Yes, this PCOS Vegetarian Vietnamese Recipes: Lunch - Vegetarian Vietnamese Soup recipe is designed to be PCOS-friendly. At 300 calories per serving with 12g of protein, it supports balanced blood sugar and hormonal health. It also provides 6g of fiber, which helps with insulin sensitivity.

This recipe takes about 30 minutes total. Prep time is 10 minutes and cook time is 20 minutes. It makes 2 servings, so you can meal prep for multiple days.

Per serving: 300 calories, 12g protein (16%), 40g carbs, 10g fat. Plus 6g fiber. PCOS meal plans typically aim for 30% protein, 35% fat, 35% carbs to support insulin sensitivity.

Yes, this recipe works well as a PCOS-friendly Lunch. At 300 calories, it fits within typical PCOS meal plan targets for Lunch.

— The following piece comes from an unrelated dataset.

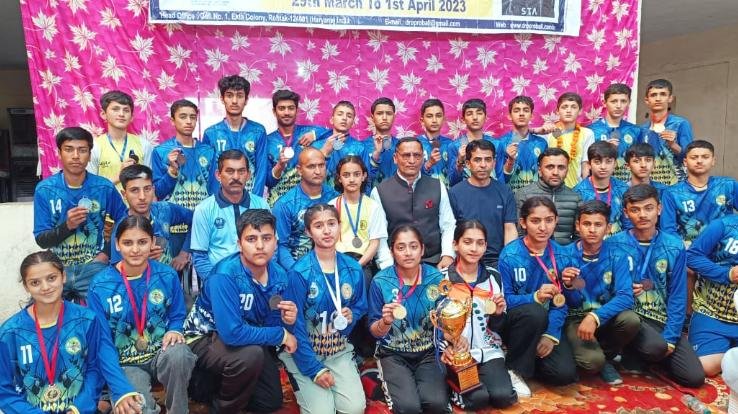 Solan: Himachal won gold medal in mixed doubles in drop rowball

Pair it with other PCOS-friendly foods throughout the day for balanced nutrition.

This recipe can be part of a structured PCOS meal plan. It makes 2 servings, making it great for meal prep. For a complete weekly plan tailored to your PCOS type, take our free 60-second quiz at pcosmealplanner.com/pcos-quiz to get a personalized 7-day meal plan.